Meski dihadapkan pada kondisi alam yang cukup menantang, seluruh unsur yang terlibat masih terus melakukan penyisiran dan memperluas pencarian.
Kapolda berharap masyarakat, khususnya nelayan dan warga yang beraktivitas di sekitar perairan Selat Sunda, dapat membantu memberikan informasi apabila menemukan sesuatu yang diduga berkaitan dengan rombongan yang sedang dicari.
Warga diminta segera melapor kepada petugas jika menemukan benda terapung, pelampung, atau barang lain yang mencurigakan di laut.
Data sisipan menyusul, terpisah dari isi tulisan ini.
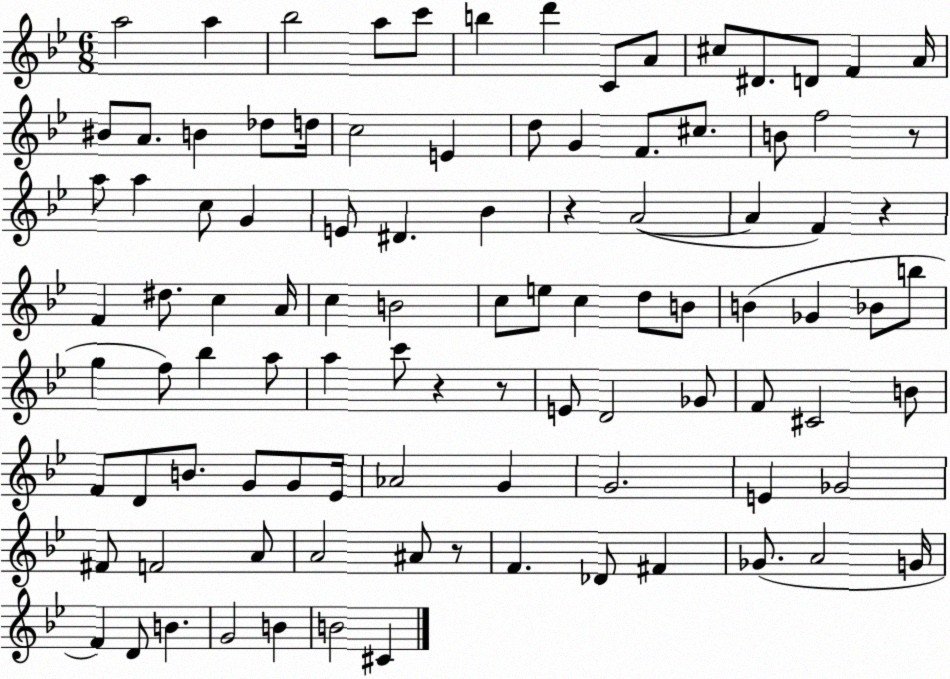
X:1
T:Untitled
M:6/8
L:1/4
K:Bb
a2 a _b2 a/2 c'/2 b d' C/2 A/2 ^c/2 ^D/2 D/2 F A/4 ^B/2 A/2 B _d/2 d/4 c2 E d/2 G F/2 ^c/2 B/2 f2 z/2 a/2 a c/2 G E/2 ^D _B z A2 A F z F ^d/2 c A/4 c B2 c/2 e/2 c d/2 B/2 B _G _B/2 b/2 g f/2 _b a/2 a c'/2 z z/2 E/2 D2 _G/2 F/2 ^C2 B/2 F/2 D/2 B/2 G/2 G/2 _E/4 _A2 G G2 E _G2 ^F/2 F2 A/2 A2 ^A/2 z/2 F _D/2 ^F _G/2 A2 G/4 F D/2 B G2 B B2 ^C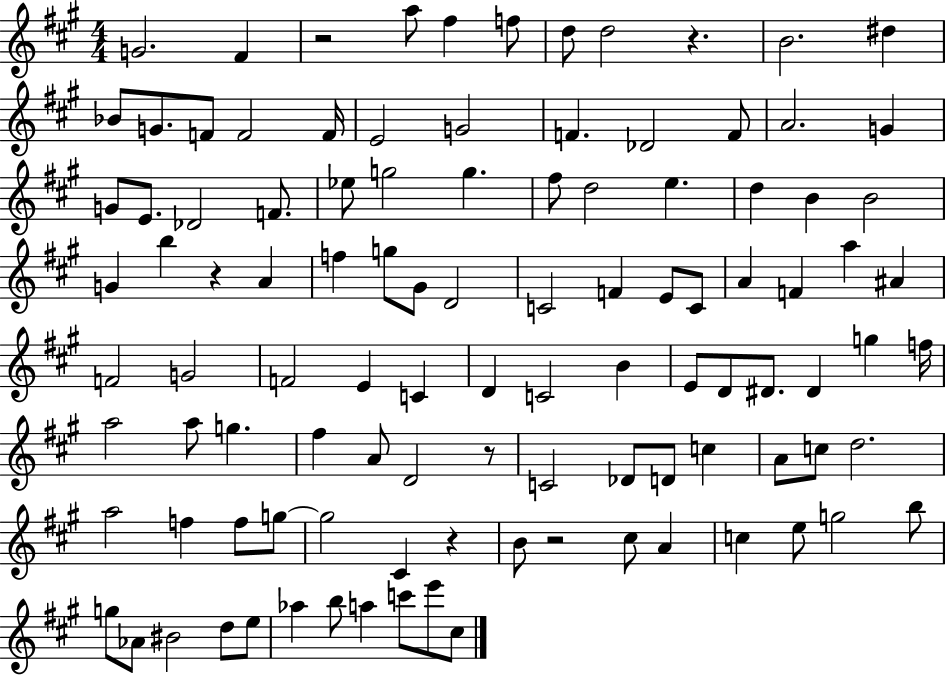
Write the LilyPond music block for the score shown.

{
  \clef treble
  \numericTimeSignature
  \time 4/4
  \key a \major
  g'2. fis'4 | r2 a''8 fis''4 f''8 | d''8 d''2 r4. | b'2. dis''4 | \break bes'8 g'8. f'8 f'2 f'16 | e'2 g'2 | f'4. des'2 f'8 | a'2. g'4 | \break g'8 e'8. des'2 f'8. | ees''8 g''2 g''4. | fis''8 d''2 e''4. | d''4 b'4 b'2 | \break g'4 b''4 r4 a'4 | f''4 g''8 gis'8 d'2 | c'2 f'4 e'8 c'8 | a'4 f'4 a''4 ais'4 | \break f'2 g'2 | f'2 e'4 c'4 | d'4 c'2 b'4 | e'8 d'8 dis'8. dis'4 g''4 f''16 | \break a''2 a''8 g''4. | fis''4 a'8 d'2 r8 | c'2 des'8 d'8 c''4 | a'8 c''8 d''2. | \break a''2 f''4 f''8 g''8~~ | g''2 cis'4 r4 | b'8 r2 cis''8 a'4 | c''4 e''8 g''2 b''8 | \break g''8 aes'8 bis'2 d''8 e''8 | aes''4 b''8 a''4 c'''8 e'''8 cis''8 | \bar "|."
}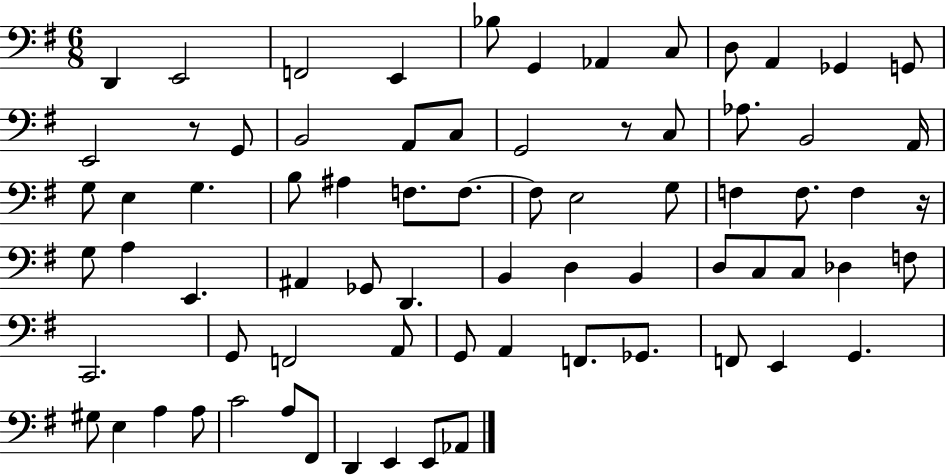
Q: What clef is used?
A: bass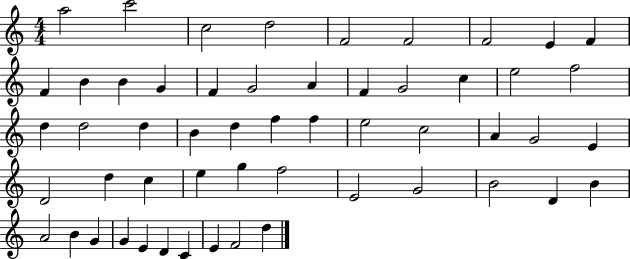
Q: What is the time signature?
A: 4/4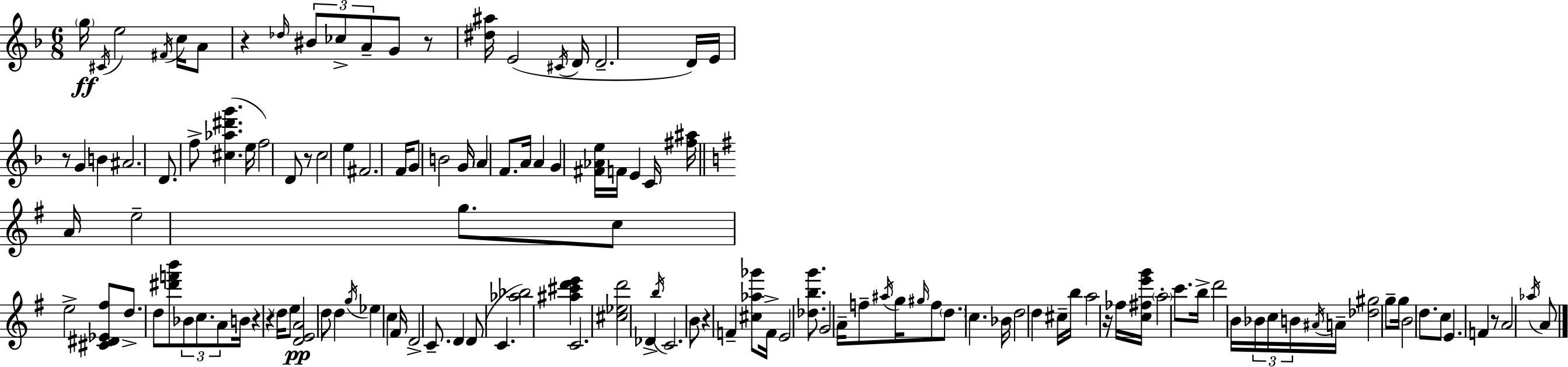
{
  \clef treble
  \numericTimeSignature
  \time 6/8
  \key d \minor
  \parenthesize g''16\ff \acciaccatura { cis'16 } e''2 \acciaccatura { fis'16 } c''16 | a'8 r4 \grace { des''16 } \tuplet 3/2 { bis'8 ces''8-> a'8-- } | g'8 r8 <dis'' ais''>16 e'2( | \acciaccatura { cis'16 } d'16 d'2.-- | \break d'16) e'16 r8 g'4 | b'4 ais'2. | d'8. f''8-> <cis'' aes'' dis''' g'''>4.( | e''16 f''2) | \break d'8 r8 c''2 | e''4 fis'2. | f'16 g'8 b'2 | g'16 \parenthesize a'4 f'8. a'16 | \break a'4 g'4 <fis' aes' e''>16 f'16 e'4 | c'16 <fis'' ais''>16 \bar "||" \break \key g \major a'16 e''2-- g''8. | c''8 e''2-> <cis' dis' ees' fis''>8 | d''8.-> d''8 <dis''' f''' b'''>8 \tuplet 3/2 { bes'8 c''8. | a'8 } b'16 r4 r4 \parenthesize d''16 | \break e''8 <d' e' a'>2\pp d''8 | d''4 \acciaccatura { g''16 } ees''4 c''4 | fis'16 d'2-> c'8.-- | d'4 d'8( c'4. | \break <aes'' bes''>2) <ais'' cis''' d''' e'''>4 | c'2. | <cis'' ees'' d'''>2 des'4-> | \acciaccatura { b''16 } c'2. | \break b'8 r4 f'4-- | <cis'' aes'' ges'''>8 f'16-> e'2 <des'' b'' g'''>8. | g'2 a'16-- f''8-- | \acciaccatura { ais''16 } g''16 \grace { gis''16 } f''8 \parenthesize d''8. c''4. | \break bes'16 d''2 | d''4 cis''16-- b''16 a''2 | r16 fes''16 <c'' fis'' e''' g'''>16 \parenthesize a''2-. | c'''8. b''16-> d'''2 | \break b'16 \tuplet 3/2 { bes'16 c''16 b'16 } \acciaccatura { ais'16 } a'16-- <des'' gis''>2 | g''8-- g''16 b'2 | d''8. c''8 e'4. | f'4 r8 a'2 | \break \acciaccatura { aes''16 } a'8 \bar "|."
}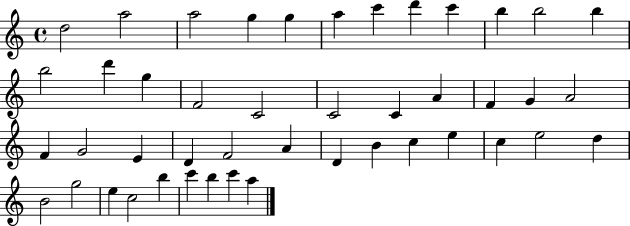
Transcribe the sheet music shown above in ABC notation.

X:1
T:Untitled
M:4/4
L:1/4
K:C
d2 a2 a2 g g a c' d' c' b b2 b b2 d' g F2 C2 C2 C A F G A2 F G2 E D F2 A D B c e c e2 d B2 g2 e c2 b c' b c' a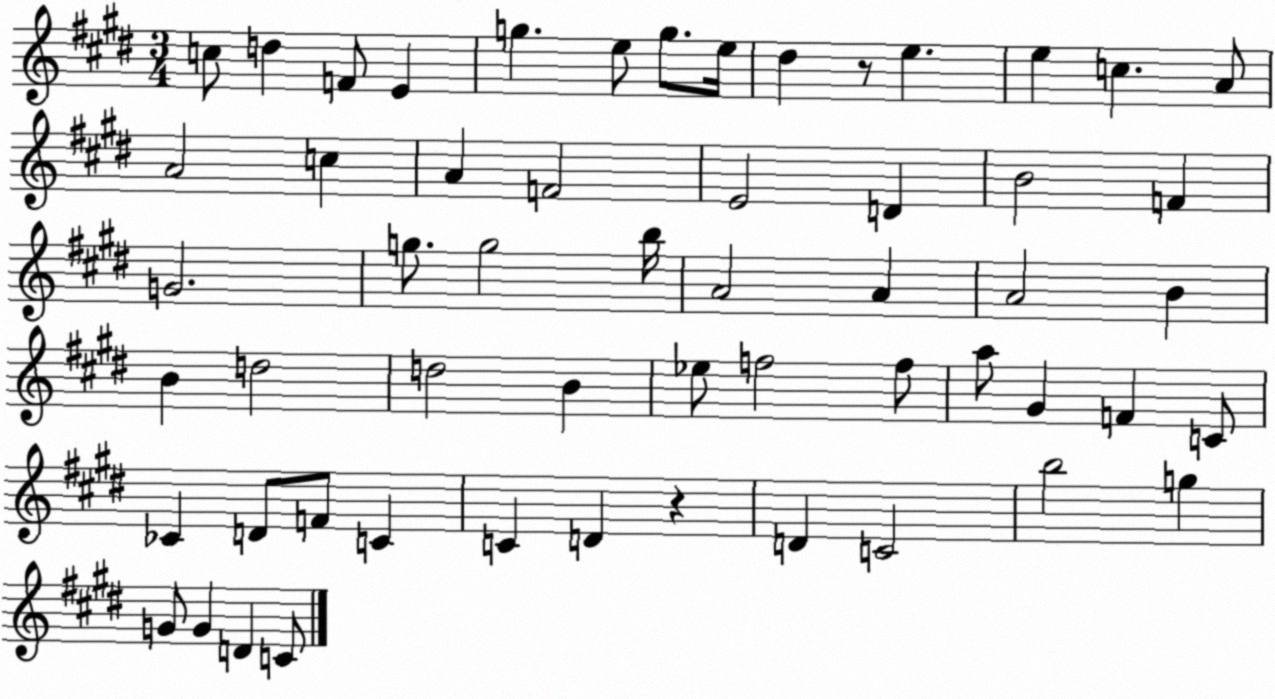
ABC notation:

X:1
T:Untitled
M:3/4
L:1/4
K:E
c/2 d F/2 E g e/2 g/2 e/4 ^d z/2 e e c A/2 A2 c A F2 E2 D B2 F G2 g/2 g2 b/4 A2 A A2 B B d2 d2 B _e/2 f2 f/2 a/2 ^G F C/2 _C D/2 F/2 C C D z D C2 b2 g G/2 G D C/2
“Apabila masyarakat atau nelayan menemukan benda-benda mencurigakan atau benda yang terapung di laut, segera informasikan kepada petugas atau posko kami yang berada di Carita. Informasi tersebut akan membantu tim untuk segera melakukan pengecekan dan langkah pencarian,” katanya.
Di tengah operasi pencarian, masyarakat dan nelayan juga diminta tetap meningkatkan kewaspadaan terhadap aktivitas Gunung Anak Krakatau yang masih mengalami erupsi.
Petugas mengingatkan agar masyarakat tidak mendekati kawasan Gunung Anak Krakatau dan tetap mematuhi batas aman yang telah ditetapkan, yakni lebih dari radius tiga kilometer dari kawasan gunung.
Hingga pencarian memasuki hari kedua, tim gabungan masih terus melakukan penyisiran di lima titik. Perkembangan operasi pencarian terhadap rombongan media tersebut terus dipantau dari posko yang berada di Carita.